Challenging the Fed in Jackson Hole

Economics, Economics Regulatory Policy, Finance

As the stock market waited anxiously through the Federal Reserve’s Jackson Hole Summit this weekend for clues to future monetary actions, another conference was held just miles away. The American Principles Project, a conservative non-profit, hosted the conference, and participants and speakers did not hide their worry over how the Fed’s unprecedented actions will harm future economic prosperity.

Steve Lonegan, the director of monetary policy for APP, said he was motivated to host the alternative conference because monetary policy has been relegated from its previous status as a political issue.
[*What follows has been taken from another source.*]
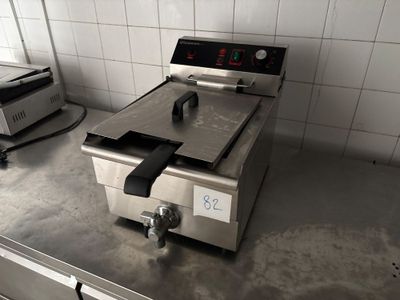 une photo d'une friteuse professionnelle posée sur un plan de travail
In the 19th and early 20th centuries, entire campaigns were centered on monetary policy. (Remember William Jennings Bryan from your high school U.S. History class?) Now, there is little difference between the positions of Democrats and Republicans on the topic.

One of the reasons for this decline is that politicians from both parties do not want a sound money system where the dollar is backed by more than the full faith and credit of the U.S. government, as this is all that is behind the current fiat regime. Sound money places constraints on increased government spending, which has unfortunately been a bipartisan priority over the past decades. Policymakers would rather cast monetary policy as something that is too difficult for average Americans to comprehend—even as they publicly debate far more complex topics such as nuclear centrifuges and climate change science. 

While little consensus was reached over the future of monetary policy—the benefits of everything from a return to the gold standard, to inflation targeting, to crypto currencies such as Bitcoin were all discussed—what was made clear in Jackson Hole is that America needs a rules-based monetary policy that takes away discretion from policymakers. This would set the stage for prolonged, stable economic growth.

The Federal Reserve’s dismal track record extends far beyond the recent recession. The dollar's purchasing power has declined by over 80 percent since the early 1970s. Additionally, Carnegie Mellon University professor Allan Meltzer has shown that over the first 100 years of Federal Reserve history, the United States enjoyed both price stability and the absence of banking crises in only about a quarter of those years.

Even when Fed history since the end of World War II (which excludes the Great Depression) is compared to the pre-Fed era, the earlier system wins in terms of price stability and lower depth of recessions. 

At the conference, I participated in a panel discussion on how the Fed’s policies affect millennials.  I argued that not only does the Fed pick winners and losers through its policies (and the young are consistently the losers), but also that increased political influence on monetary policymakers threatens future growth. 

The Fed believes that if it can keep long-term interest rates low, business investment and consumer spending will increase and the economy will grow. Millennials’ professors have undoubtedly told them that the way the Federal Reserve can make the economy grow is by pumping out dollars and stimulating demand. But these neo-Keynesian theories are too simplistic to accurately describe what is really going on in the economy. The Federal Reserve has been pursuing the same easy-money policies for over six years now, yet the United States has experienced one of the slowest recoveries in history.

The fundamental problem is that with booming entitlement spending, an internationally-uncompetitive corporate tax rate, and annual regulatory costs over $1 trillion, many Americans appeal to the head of the Federal Reserve to help the economy. But Janet Yellen cannot cure all the economic problems that afflict millennials. It is not that members of the Fed are bad people, but, rather, as George Mason University economist Larry White said, “they are simply bad wizards,” who cannot improve the economy by pulling various monetary and fiscal policy levers. 

Rather than increasing the Fed’s role in today’s economy, politicians and policymakers need to realize the limits of what a central bank can achieve. As with any other part of government, the Federal Reserve has a tendency to pick winners and losers and to submit to political influence. Both of these realties do not bode well for millennials or future economic growth. Presidential candidates from both sides of the aisle should take note and bring the discussion of money away from academic economists and back to public discourse.